Data provided

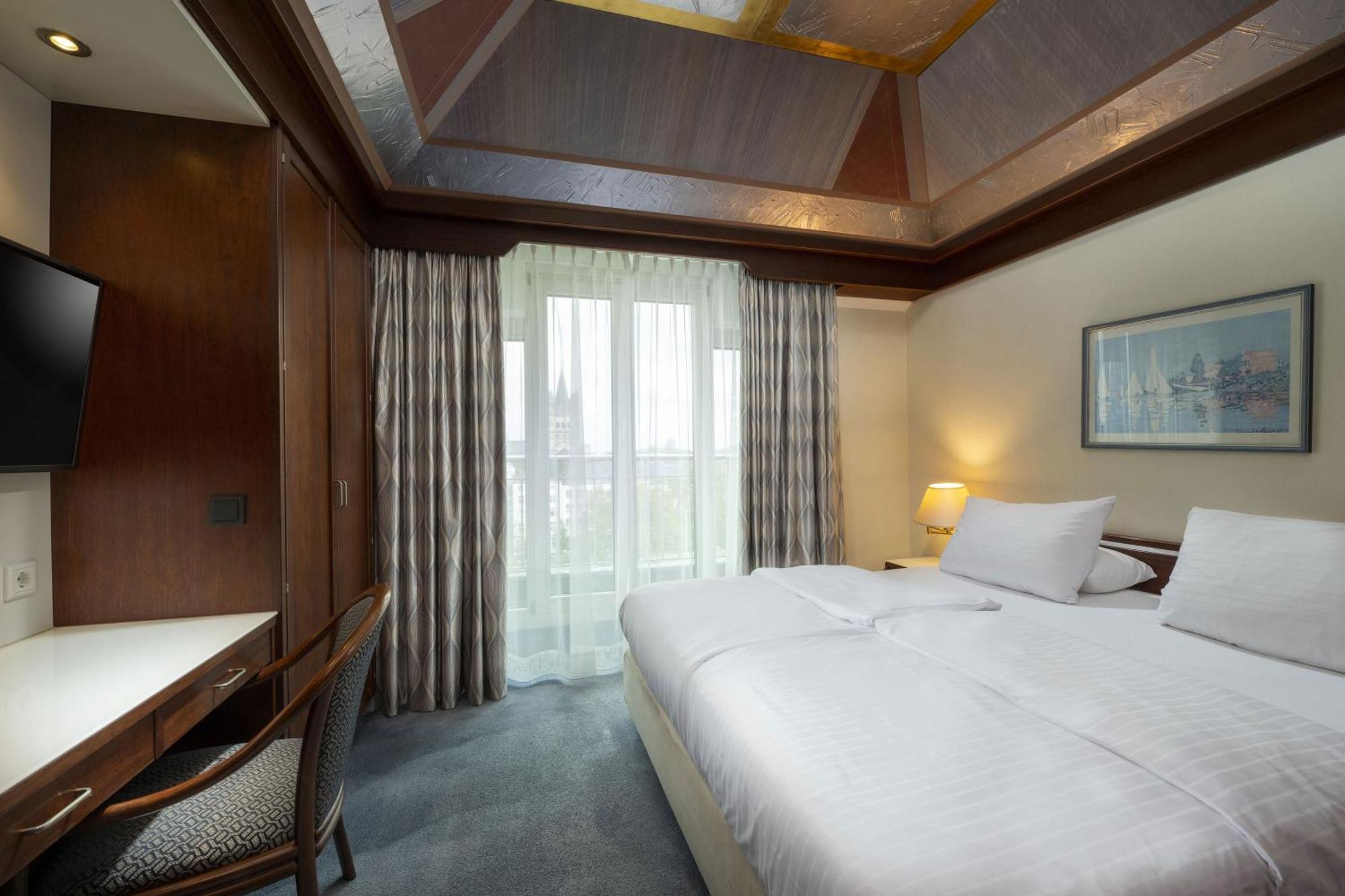 Maritim Hotel Koln Luaran gambar Room of the hotel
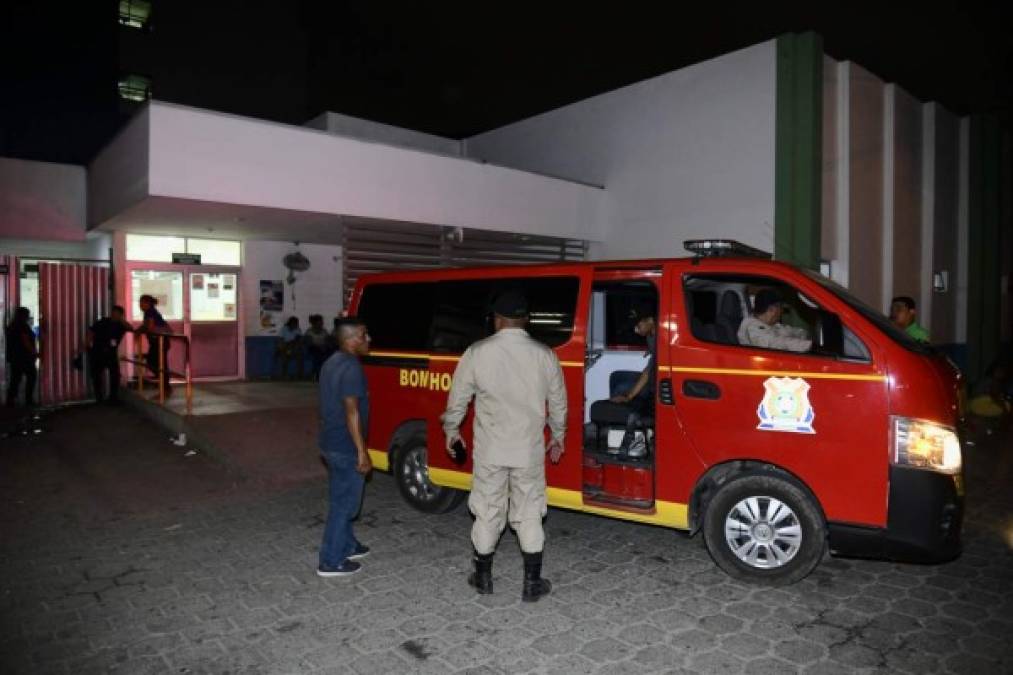 Descuido, cervezas y luto: Taxi se vuelca y mueren dos niños en Cortés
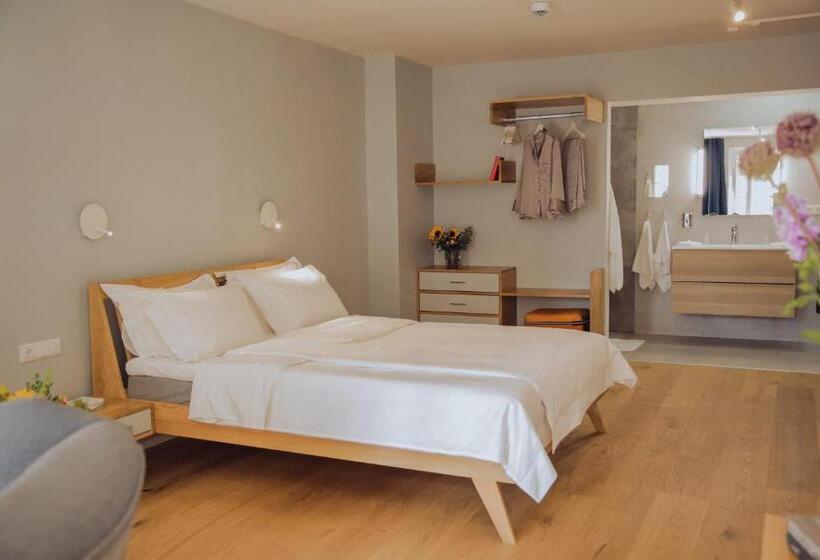 豪华房间, The Layhead B&b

Instructions to follow
Reproduce, with the pictures omitted, exactly those lines that run from the line with "Descuido, cervezas y" to the last line of the material, both ends included.

Result of the task
 Descuido, cervezas y luto: Taxi se vuelca y mueren dos niños en Cortés
 豪华房间, The Layhead B&b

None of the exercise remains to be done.